We have so far to go to change attitudes, change roadways, educate law enforcement officers, as well as cyclists, in our communities. But I really don’t believe the situation is hopeless. I know bicycling is getting better and safer every day. Even if I gave up on Saturday and was too afraid to complete the ride, I know that the folks at WABA are not ever going to give up. Daily bicycling makes our climate better, our bodies healthier and our communities more prosperous. It’s too important a dream to ever abandon.

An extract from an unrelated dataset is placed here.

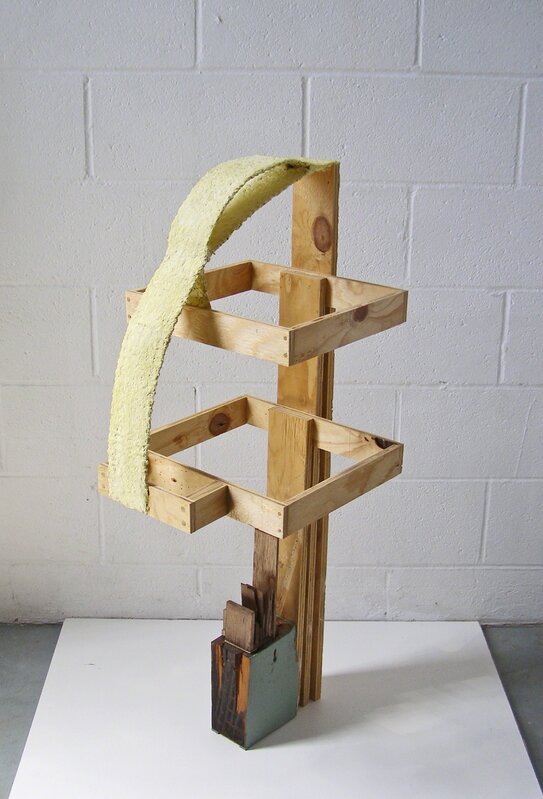 David McDonald, ‘Micro Macro’, 2014, Sculpture, Wood, modeling compound, acrylic, wood stain, David B. Smith Gallery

So I’ll be out there next week, and the week after too, riding in the road, training for the Climate Ride on September 21! I can’t wait!”

I salute Gina’s remarkable spirit in her training for a good cause! 

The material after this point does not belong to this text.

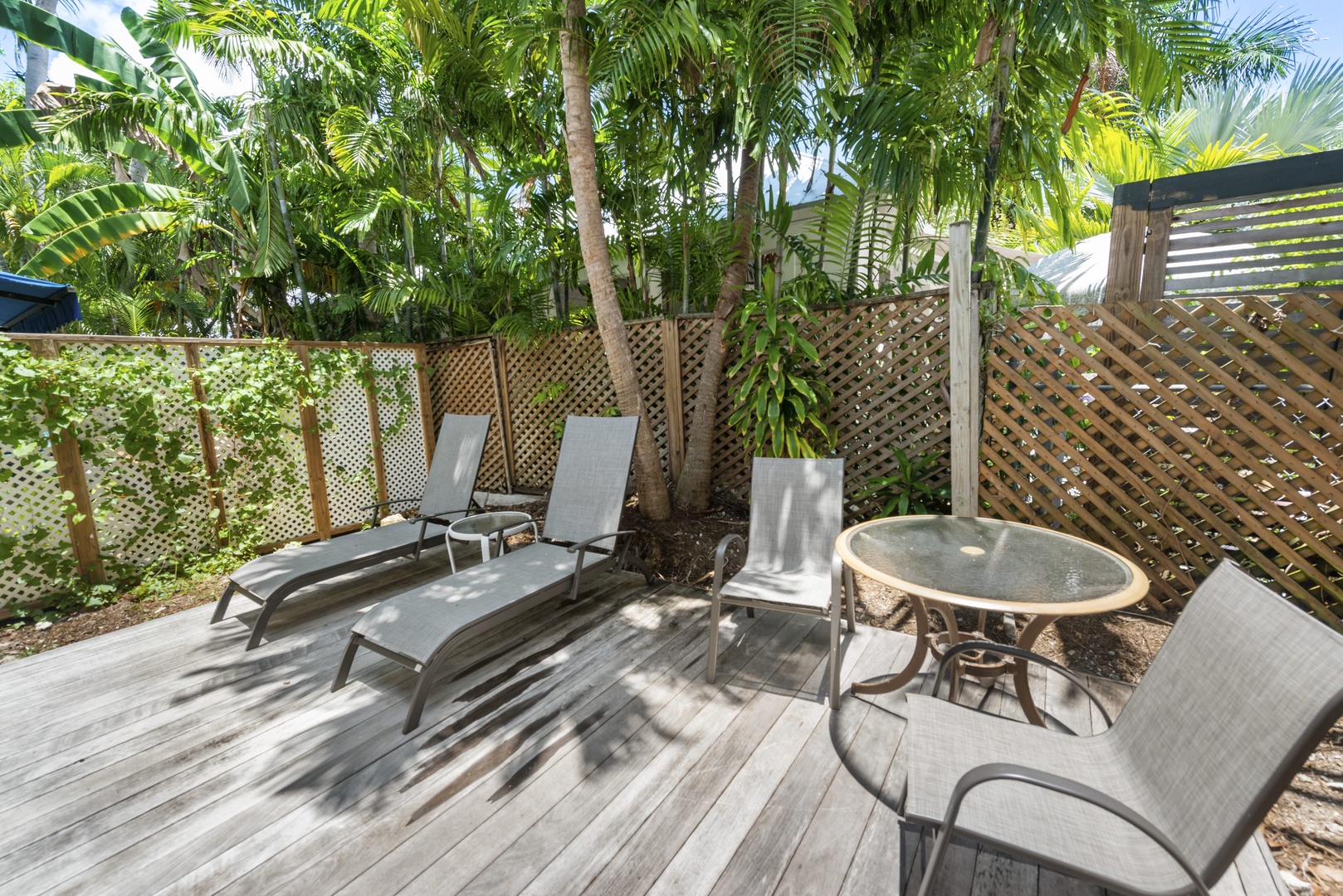 Colony Calypso #4 Key West Private Back Deck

In the “3 foot law”, as I learned from Gina’s aunt Mary, if the cyclist extends her left arm, she should not be able to touch the passing car’s side mirror.  If she can, the car’s driver is in violation! 

I agree with Gina and her aunt Mary that drivers need to be more patient with cyclists, as cyclists should be more patient with walkers or joggers along the common biking and walking paths.  In 2011, according to the National Safety Council, there were 38,000 bicyclist injuries and 677 deaths.  In the Washington area alone, according to the Washington Post, there have been 51 cyclists killed in the past five years.   Total cost of bicyclist injury and death amounts to more than 4 billion a year! 

Have a safe ride, Gina, and thank you for sharing your story with us.

As for me and David, we plan to take some pictures of the Seagull Century event to share with you.  Of course, this time, I will make sure I am off the bike when I snap the photos of the beautiful Eastern Shore country side.  I learned the hard way last year as I tried to take a picture with my BlackBerry while still riding my bike with only my right hand on the handle.  I did not want to slow down my trip. The near fall taught me quickly how careless  and foolish cyclists can cause their own accidents.  We drivers and cyclists have to share the roads, but all of us should respect the roads.